# Work request:
Going down the listing below, print exactly each line from the one with "1327 Springdale Drive, Alma, AR 72921" up to and including the one with "photo of madonis", and skip the rest.
+++ Data extracts +++
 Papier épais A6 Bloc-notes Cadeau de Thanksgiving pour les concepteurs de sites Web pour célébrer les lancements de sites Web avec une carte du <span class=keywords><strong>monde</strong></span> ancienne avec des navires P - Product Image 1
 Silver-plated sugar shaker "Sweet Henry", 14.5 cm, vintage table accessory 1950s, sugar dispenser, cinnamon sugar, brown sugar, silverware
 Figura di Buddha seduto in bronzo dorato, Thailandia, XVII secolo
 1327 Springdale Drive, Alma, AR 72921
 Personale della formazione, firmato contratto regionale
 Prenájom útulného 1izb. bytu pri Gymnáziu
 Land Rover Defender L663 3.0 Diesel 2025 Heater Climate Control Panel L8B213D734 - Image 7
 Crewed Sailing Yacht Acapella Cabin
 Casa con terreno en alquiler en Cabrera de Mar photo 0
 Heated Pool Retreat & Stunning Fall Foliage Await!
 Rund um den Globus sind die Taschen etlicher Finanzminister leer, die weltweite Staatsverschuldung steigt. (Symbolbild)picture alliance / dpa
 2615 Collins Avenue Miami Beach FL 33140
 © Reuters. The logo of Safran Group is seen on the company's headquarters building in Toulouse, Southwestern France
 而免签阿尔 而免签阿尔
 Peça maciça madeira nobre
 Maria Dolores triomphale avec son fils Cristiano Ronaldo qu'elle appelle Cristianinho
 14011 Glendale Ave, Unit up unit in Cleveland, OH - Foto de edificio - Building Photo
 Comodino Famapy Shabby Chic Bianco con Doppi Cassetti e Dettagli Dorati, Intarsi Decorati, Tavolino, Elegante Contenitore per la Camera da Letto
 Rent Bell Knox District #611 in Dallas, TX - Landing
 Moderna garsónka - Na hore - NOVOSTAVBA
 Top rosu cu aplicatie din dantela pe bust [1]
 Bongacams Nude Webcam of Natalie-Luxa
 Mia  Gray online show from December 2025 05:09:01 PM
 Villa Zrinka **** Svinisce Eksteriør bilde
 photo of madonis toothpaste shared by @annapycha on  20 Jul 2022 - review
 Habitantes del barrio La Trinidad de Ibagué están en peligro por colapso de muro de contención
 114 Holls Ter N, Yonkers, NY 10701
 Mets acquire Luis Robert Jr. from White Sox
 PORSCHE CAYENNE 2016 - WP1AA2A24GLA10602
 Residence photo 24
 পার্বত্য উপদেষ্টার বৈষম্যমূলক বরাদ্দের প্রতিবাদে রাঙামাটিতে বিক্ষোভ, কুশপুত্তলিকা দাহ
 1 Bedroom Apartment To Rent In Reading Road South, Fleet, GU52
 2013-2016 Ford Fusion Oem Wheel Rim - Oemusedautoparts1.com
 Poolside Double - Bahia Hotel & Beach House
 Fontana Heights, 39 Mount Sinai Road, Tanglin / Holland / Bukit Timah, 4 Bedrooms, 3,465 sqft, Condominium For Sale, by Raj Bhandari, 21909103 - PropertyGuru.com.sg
+++
# Solved exercise:
 1327 Springdale Drive, Alma, AR 72921
 Personale della formazione, firmato contratto regionale
 Prenájom útulného 1izb. bytu pri Gymnáziu
 Land Rover Defender L663 3.0 Diesel 2025 Heater Climate Control Panel L8B213D734 - Image 7
 Crewed Sailing Yacht Acapella Cabin
 Casa con terreno en alquiler en Cabrera de Mar photo 0
 Heated Pool Retreat & Stunning Fall Foliage Await!
 Rund um den Globus sind die Taschen etlicher Finanzminister leer, die weltweite Staatsverschuldung steigt. (Symbolbild)picture alliance / dpa
 2615 Collins Avenue Miami Beach FL 33140
 © Reuters. The logo of Safran Group is seen on the company's headquarters building in Toulouse, Southwestern France
 而免签阿尔 而免签阿尔
 Peça maciça madeira nobre
 Maria Dolores triomphale avec son fils Cristiano Ronaldo qu'elle appelle Cristianinho
 14011 Glendale Ave, Unit up unit in Cleveland, OH - Foto de edificio - Building Photo
 Comodino Famapy Shabby Chic Bianco con Doppi Cassetti e Dettagli Dorati, Intarsi Decorati, Tavolino, Elegante Contenitore per la Camera da Letto
 Rent Bell Knox District #611 in Dallas, TX - Landing
 Moderna garsónka - Na hore - NOVOSTAVBA
 Top rosu cu aplicatie din dantela pe bust [1]
 Bongacams Nude Webcam of Natalie-Luxa
 Mia  Gray online show from December 2025 05:09:01 PM
 Villa Zrinka **** Svinisce Eksteriør bilde
 photo of madonis toothpaste shared by @annapycha on  20 Jul 2022 - review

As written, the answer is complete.